Cette discipline prit bientôt le nom d’astrologie, une pratique que la cité savante de Sharlayan perfectionna en y alliant son expertise de l’éther pour créer l’astromancie, ou science du miracle comme l’appellent ses plus fervents partisans.
À la croisée de la magie, de la médecine et de l’éthérologie est née une de ces nouvelles sciences : la noologie. Elle permet, à l’aide de noulithes, des pierres imprégnées d’éther (magie) se déplaçant librement dans l’air, de canaliser son énergie vitale pour soigner ou attaquer. Les pratiquants de cet art sont appelés “sages” et considèrent leurs techniques comme un pas en avant dans l’évolution de l’Homme.
Ces attaquants sont spécialisés dans le combat rapproché, utilisant des combinaisons de coups dans des positions précises pour infliger de grands dégâts aux ennemis.
Membres du Poing de Rhalgr, un culte au dieu de la destruction dont ils cherchent à s’approcher, les moines ont développé des techniques de combat propres à leur ordre. Leurs mouvements en plein combat s’apparentent peut-être à des pas de danse, mais ce sont bel et bien des coups d’une puissance à la limite du concevable qu’ils portent, à l’écoute de leurs chakras.
Ce job tire son nom de la fonction même de ses ambassadeurs, dont le rôle est de pourfendre les dragons.
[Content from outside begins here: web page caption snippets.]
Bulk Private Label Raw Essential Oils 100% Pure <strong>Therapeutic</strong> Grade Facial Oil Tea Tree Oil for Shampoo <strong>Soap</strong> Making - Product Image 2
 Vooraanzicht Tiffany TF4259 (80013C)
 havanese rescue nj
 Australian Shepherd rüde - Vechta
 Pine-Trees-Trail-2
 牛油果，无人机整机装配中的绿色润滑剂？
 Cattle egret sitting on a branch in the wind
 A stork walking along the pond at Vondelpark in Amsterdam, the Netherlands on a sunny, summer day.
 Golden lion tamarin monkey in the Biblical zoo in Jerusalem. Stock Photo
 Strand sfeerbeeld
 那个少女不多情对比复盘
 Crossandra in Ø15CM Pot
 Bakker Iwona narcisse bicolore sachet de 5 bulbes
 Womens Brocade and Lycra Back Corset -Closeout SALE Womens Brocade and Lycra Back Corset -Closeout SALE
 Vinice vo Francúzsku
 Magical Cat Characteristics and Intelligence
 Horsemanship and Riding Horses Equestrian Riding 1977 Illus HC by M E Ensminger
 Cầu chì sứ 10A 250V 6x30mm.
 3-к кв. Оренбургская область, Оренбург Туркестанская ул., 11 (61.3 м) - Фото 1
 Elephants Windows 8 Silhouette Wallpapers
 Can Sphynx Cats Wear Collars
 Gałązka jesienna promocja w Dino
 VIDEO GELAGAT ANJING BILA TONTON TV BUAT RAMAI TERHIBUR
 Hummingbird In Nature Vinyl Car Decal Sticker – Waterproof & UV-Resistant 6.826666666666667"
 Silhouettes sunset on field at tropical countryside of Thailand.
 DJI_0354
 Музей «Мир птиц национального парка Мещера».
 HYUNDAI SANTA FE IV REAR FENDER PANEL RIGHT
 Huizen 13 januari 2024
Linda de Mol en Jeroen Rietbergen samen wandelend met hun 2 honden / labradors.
L’appellation est pour le moins lourde de sens à Ishgard la pieuse, où le combat contre ces bêtes n’a pas connu de cesse depuis la fondation du pays.
Utilisant habilement l’énergie qui parcourt le ciel, la terre et même le corps des hommes, les ninja exécutent leurs techniques grâce à des symboles ésotériques. Elles ne sont jamais transmises que de maître à élève, dans les villages cachés qu’ils ont établis au plus profond des montagnes de leurs lointaines contrées… Toutefois, la présence d’un ennemi commun pourrait bien les amener à partager leurs secrets avec de nouveaux alliés.
Par-delà les mers, aux confins orientaux des terres connues, se trouve le pays insulaire de Hingashi.
Unifié et pacifié dans le feu et le sang à l’issue d’une longue période de guerres intestines opposant de puissants seigneurs, il a vu l’émergence de braves combattants, les samouraïs. Désormais, ils manient le katana, l’arme qui symbolise leur caste, afin de protéger leur belle patrie des vicissitudes d’antan.
Hélas, le temps et la paix peuvent affaiblir même les esprits les plus déterminés, et conduire les lames à s’émousser.
Conscients de leur inhabileté naturelle au maniement de l’éther, les Garlemaldais ont alors mis au point une technique de combat unique leur permettant d’entrer en contact avec le monde du néant à travers un cristal pour s’attacher les pouvoirs d’un “avatar“, une créature du néant.
Armés d’une faux, réminiscence de leur passé agricole, les rares élus capables de maîtriser cette technique se font appeler “faucheurs” et inspirent la peur à leurs ennemis qui voient en eux la mort incarnée.